Integration by substitution is the reverse of the chain rule.
- Find an appropriate expression for the substitution if the question does not suggest one.
- \(u = f(x) \implies \dfrac{du}{dx} = f'(x) \)
- Make \(dx\) the subject: \(dx = \dfrac{du}{f'(x)} \)
- Substitute \(u\) and \(\dfrac{du}{f'(x)}\) into the integration.
- Cancel any terms that contain \(x\).
- If there are remaining terms that contain \(x\), rearrange \(u = f(x)\) and make \(x\) the subject, and make a further substitution.
- When there are only terms containing \(u\) remaining, integrate normally.
- For indefinite integrals, unsubstitute \(u=f(x)\) to get the final answer.
- For definite integrals, the limits (with respect to \(x\)) must also be substituted into \(u=f(x)\) to get new limits (with respect to \(u\)).
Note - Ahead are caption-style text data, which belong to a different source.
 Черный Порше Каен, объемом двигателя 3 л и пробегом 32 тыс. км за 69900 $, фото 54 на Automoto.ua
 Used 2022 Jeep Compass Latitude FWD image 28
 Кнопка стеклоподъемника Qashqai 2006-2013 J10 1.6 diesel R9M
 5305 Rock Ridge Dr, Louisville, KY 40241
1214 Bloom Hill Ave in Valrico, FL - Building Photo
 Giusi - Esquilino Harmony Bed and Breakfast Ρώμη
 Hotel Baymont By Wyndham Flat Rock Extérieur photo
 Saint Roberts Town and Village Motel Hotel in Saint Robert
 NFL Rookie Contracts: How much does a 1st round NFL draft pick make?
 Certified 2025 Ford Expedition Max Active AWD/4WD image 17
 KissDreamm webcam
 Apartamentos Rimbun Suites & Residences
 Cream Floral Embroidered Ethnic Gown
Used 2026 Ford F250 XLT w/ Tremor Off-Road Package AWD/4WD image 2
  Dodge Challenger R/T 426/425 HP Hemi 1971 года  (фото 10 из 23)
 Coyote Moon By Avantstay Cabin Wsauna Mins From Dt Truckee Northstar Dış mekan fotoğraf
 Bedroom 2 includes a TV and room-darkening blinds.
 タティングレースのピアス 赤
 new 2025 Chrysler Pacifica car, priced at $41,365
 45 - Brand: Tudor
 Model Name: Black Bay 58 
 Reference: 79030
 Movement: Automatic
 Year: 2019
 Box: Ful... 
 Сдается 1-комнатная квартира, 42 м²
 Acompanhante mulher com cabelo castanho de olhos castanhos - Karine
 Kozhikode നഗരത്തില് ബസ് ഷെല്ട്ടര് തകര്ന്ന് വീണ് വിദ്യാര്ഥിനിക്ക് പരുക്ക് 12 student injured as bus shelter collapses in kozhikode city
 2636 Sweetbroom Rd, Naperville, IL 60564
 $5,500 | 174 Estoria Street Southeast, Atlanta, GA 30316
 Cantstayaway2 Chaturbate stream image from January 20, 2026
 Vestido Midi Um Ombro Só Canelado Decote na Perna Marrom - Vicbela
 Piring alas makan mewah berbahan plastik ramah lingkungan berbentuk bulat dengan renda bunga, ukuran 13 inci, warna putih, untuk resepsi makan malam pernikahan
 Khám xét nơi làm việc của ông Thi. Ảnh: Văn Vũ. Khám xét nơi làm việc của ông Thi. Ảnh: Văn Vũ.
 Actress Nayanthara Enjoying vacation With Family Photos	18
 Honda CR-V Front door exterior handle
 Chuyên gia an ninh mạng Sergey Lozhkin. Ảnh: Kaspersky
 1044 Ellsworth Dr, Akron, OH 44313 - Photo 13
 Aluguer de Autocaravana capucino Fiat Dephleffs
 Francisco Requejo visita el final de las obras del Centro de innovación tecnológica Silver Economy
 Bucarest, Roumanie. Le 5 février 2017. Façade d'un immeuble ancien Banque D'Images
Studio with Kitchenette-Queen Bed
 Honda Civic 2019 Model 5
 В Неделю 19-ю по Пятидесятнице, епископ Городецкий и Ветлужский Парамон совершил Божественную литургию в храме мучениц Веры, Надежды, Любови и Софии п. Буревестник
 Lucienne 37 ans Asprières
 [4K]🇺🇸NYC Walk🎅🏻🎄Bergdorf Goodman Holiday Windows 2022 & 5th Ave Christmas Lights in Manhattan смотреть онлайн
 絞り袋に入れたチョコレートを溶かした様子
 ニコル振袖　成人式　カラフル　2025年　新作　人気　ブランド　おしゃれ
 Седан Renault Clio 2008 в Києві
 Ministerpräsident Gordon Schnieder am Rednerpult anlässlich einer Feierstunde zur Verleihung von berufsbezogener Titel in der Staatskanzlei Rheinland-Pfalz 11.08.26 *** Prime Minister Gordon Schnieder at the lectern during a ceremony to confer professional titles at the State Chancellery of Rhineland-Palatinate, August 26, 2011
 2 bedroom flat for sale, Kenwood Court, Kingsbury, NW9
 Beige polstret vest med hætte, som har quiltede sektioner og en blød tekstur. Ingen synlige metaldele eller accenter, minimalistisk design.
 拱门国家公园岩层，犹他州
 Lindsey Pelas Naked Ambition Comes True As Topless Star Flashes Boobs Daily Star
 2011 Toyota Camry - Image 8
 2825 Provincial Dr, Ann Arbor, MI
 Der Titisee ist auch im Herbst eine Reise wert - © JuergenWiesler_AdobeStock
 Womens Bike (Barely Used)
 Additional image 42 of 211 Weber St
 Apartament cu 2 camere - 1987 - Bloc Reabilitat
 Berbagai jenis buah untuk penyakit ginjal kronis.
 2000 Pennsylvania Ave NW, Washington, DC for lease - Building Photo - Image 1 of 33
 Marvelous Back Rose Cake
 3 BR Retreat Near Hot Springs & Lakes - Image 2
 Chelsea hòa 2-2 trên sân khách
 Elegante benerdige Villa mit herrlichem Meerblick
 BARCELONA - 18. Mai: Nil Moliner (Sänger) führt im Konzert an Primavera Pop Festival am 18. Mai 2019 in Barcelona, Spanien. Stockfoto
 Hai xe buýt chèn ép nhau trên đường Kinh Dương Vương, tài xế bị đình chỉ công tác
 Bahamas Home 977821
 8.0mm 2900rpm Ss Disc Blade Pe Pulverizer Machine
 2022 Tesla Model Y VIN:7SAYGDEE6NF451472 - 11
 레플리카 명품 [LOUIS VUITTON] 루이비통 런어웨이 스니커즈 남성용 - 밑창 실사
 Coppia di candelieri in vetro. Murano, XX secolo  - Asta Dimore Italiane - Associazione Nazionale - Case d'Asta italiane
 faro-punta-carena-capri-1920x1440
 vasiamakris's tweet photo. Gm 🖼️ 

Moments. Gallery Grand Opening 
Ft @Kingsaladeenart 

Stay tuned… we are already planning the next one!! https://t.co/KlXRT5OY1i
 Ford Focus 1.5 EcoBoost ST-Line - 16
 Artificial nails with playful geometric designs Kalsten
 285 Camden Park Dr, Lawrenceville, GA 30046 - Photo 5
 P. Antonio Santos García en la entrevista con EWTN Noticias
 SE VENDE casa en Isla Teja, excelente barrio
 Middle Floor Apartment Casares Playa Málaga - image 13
There is no need to unsubstitute as the final answer is a value.
Standard results
\(\displaystyle\int{\dfrac{f'(x)}{f(x)}} dx, \quad u = f(x) \)
\(u = f(x) \implies \dfrac{du}{dx} = f'(x) \)
\(dx = \dfrac{du}{f'(x)} \)
Substitute into integration:
\(\displaystyle\int{\dfrac{f'(x)}{f(x)}} dx \implies \displaystyle\int{\dfrac{f'(x)}{u}} \dfrac{du}{f'(x)} \)
\(\displaystyle\int{\dfrac{\cancel{f'(x)}}{u}} \dfrac{du}{\cancel{f'(x)}} = \displaystyle\int{\dfrac{1}{u}} du = \ln{|u|} + c \)
Unsubstitute \(u = f(x) \)
\(\implies \boxed{\displaystyle\int{\dfrac{f'(x)}{f(x)}} dx \implies \ln{|f(x)|} + c} \)
Integration by substitution standard results
\(\displaystyle\int{\dfrac{f'(x)}{f(x)}} dx \implies \ln{|f(x)|} + c \)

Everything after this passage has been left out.